## Information given

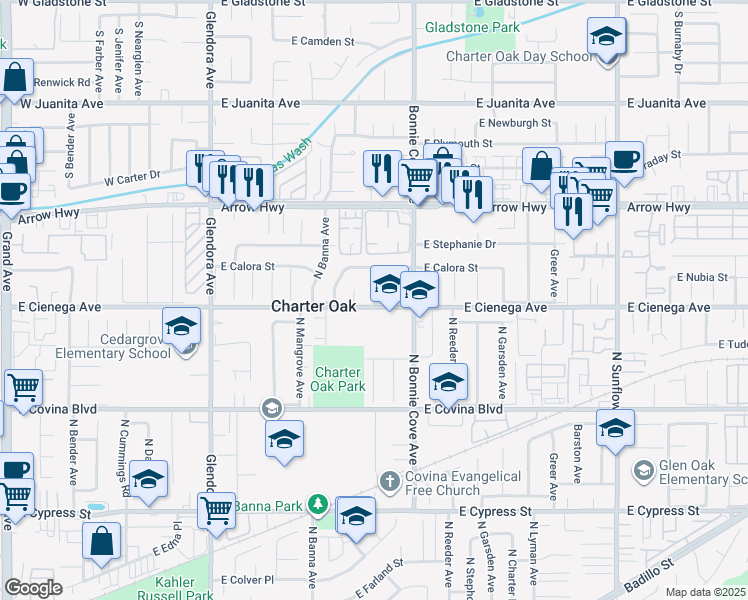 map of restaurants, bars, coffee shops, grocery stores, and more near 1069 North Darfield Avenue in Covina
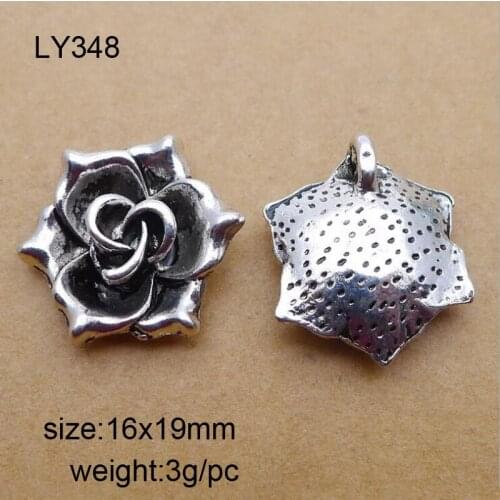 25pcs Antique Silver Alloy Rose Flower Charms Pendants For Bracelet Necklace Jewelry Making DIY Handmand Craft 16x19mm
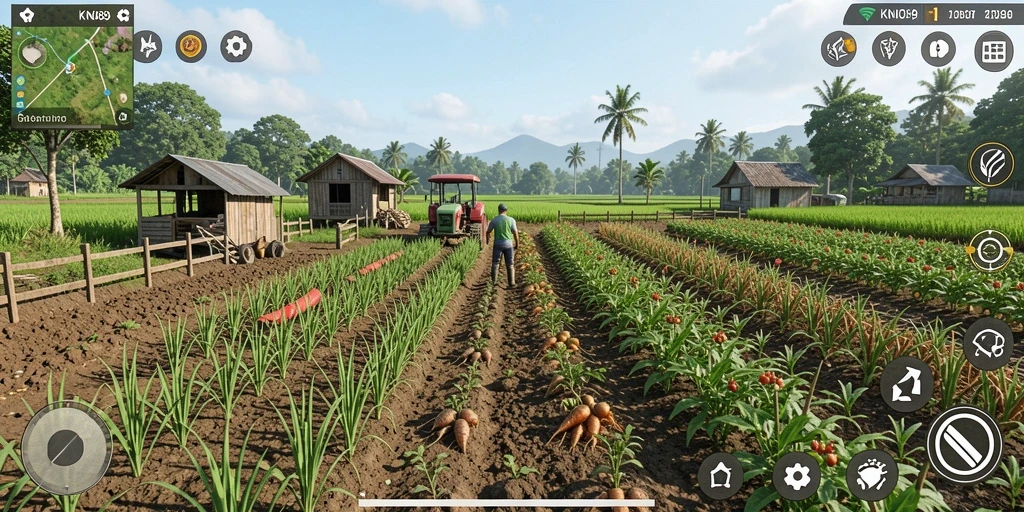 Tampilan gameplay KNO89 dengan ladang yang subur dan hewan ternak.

---

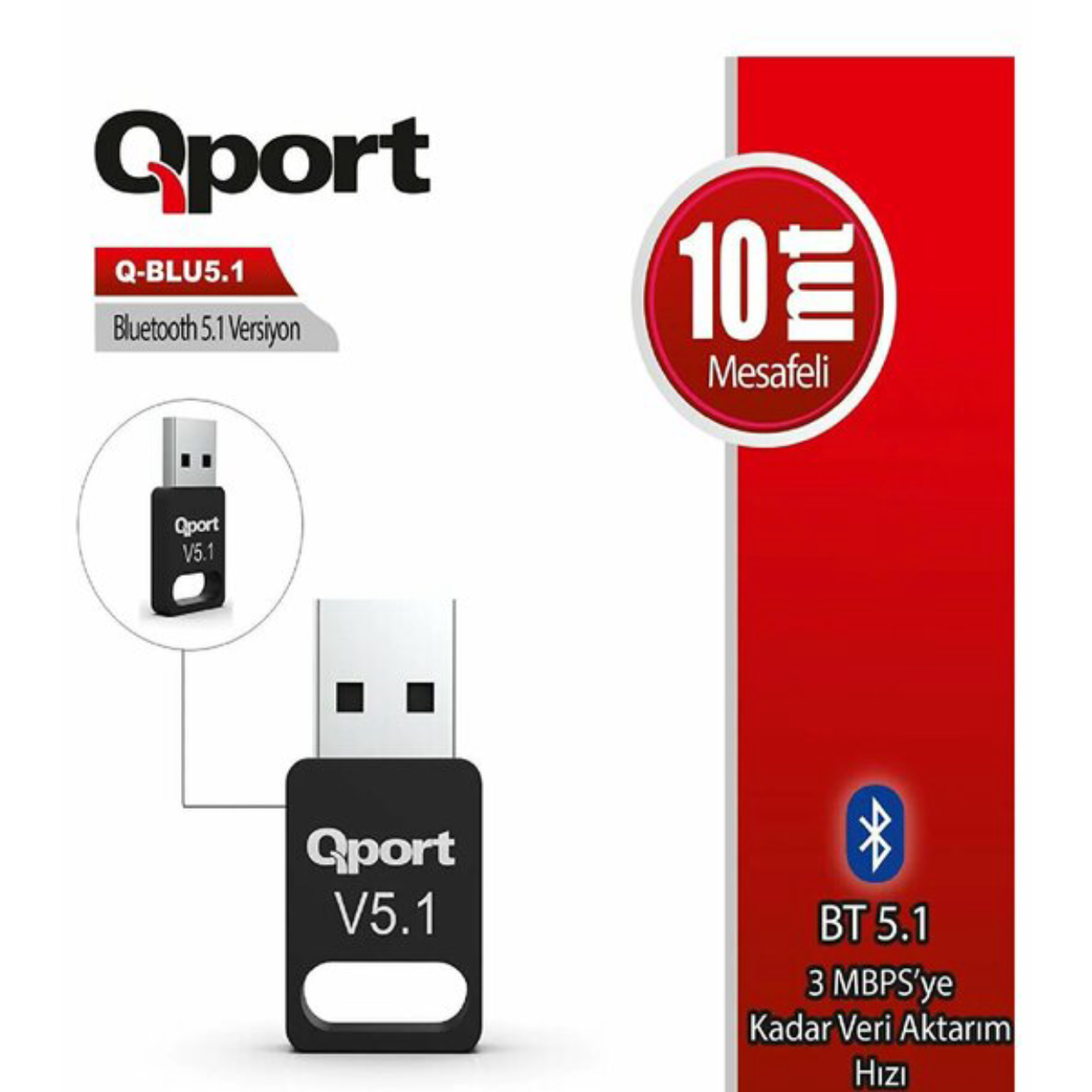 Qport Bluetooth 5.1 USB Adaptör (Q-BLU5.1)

...

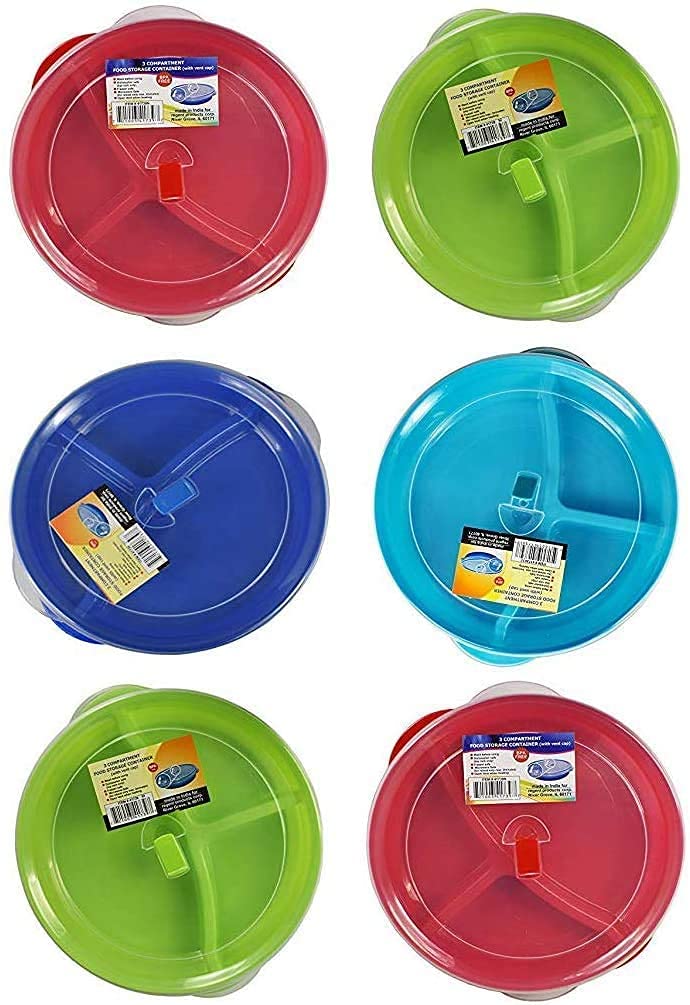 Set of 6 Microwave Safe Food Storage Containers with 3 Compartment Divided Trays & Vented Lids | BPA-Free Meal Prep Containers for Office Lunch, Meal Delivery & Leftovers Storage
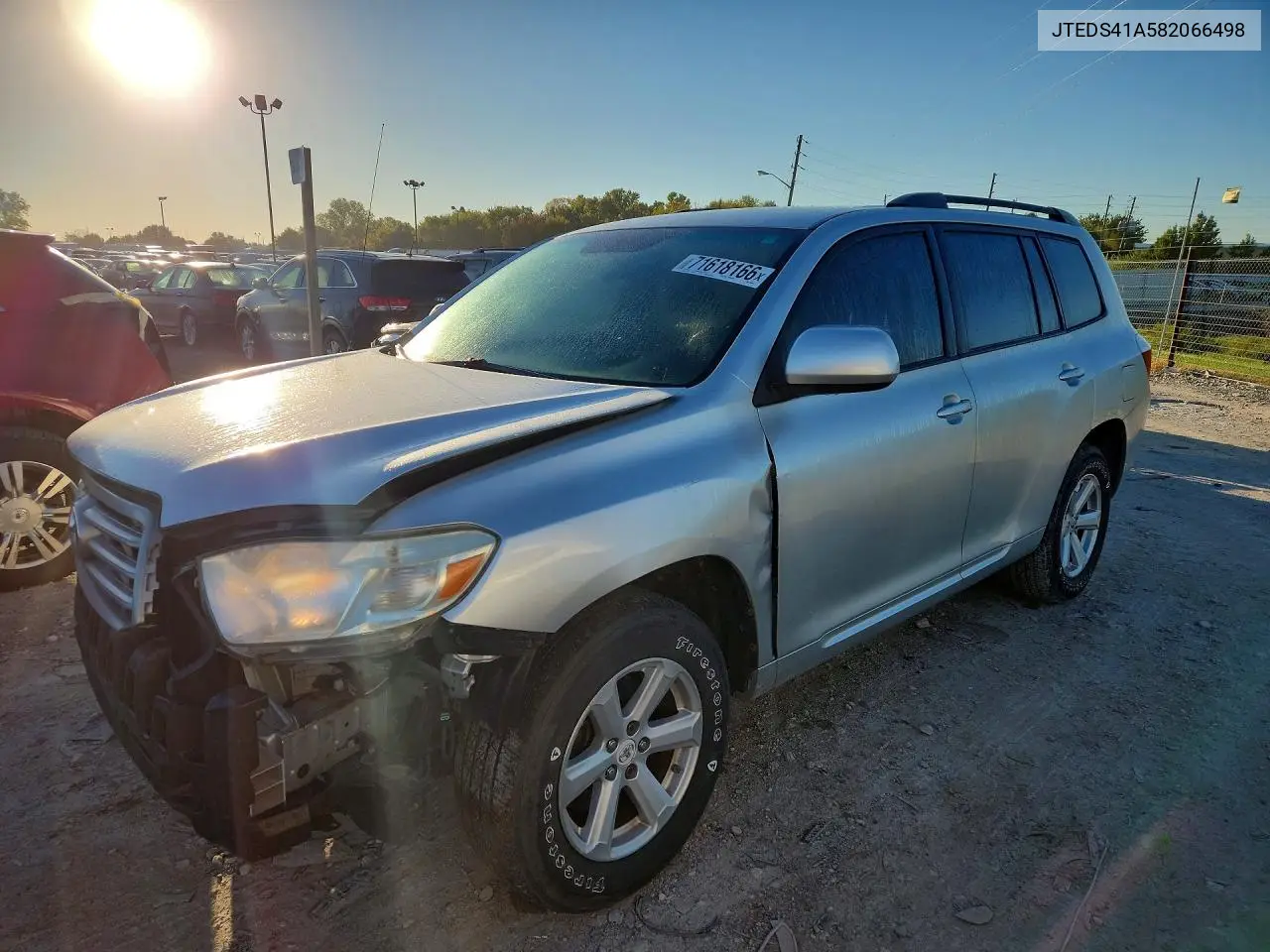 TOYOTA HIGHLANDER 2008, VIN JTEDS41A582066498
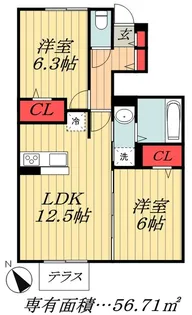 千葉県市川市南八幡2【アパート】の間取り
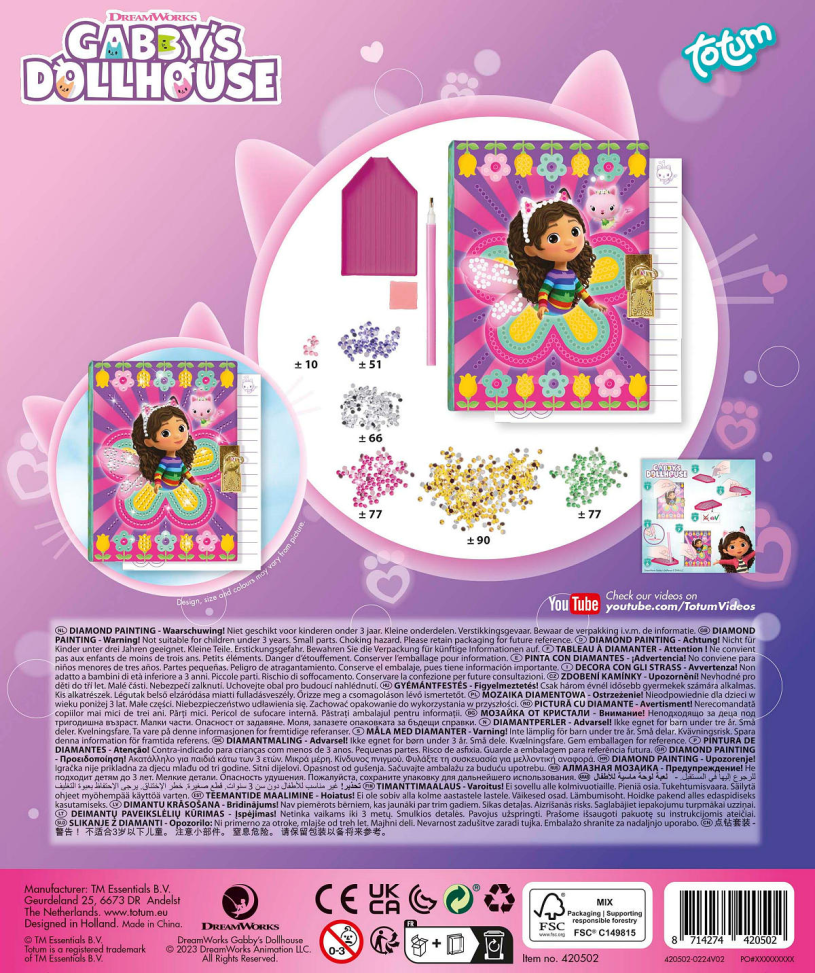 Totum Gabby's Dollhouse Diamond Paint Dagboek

## Your goal
Each line above from the one containing "25pcs Antique Silver" through the one containing "Tampilan gameplay KNO89" is to be returned verbatim. Nothing else, and no pictures.

## Answer space
 25pcs Antique Silver Alloy Rose Flower Charms Pendants For Bracelet Necklace Jewelry Making DIY Handmand Craft 16x19mm
 Tampilan gameplay KNO89 dengan ladang yang subur dan hewan ternak.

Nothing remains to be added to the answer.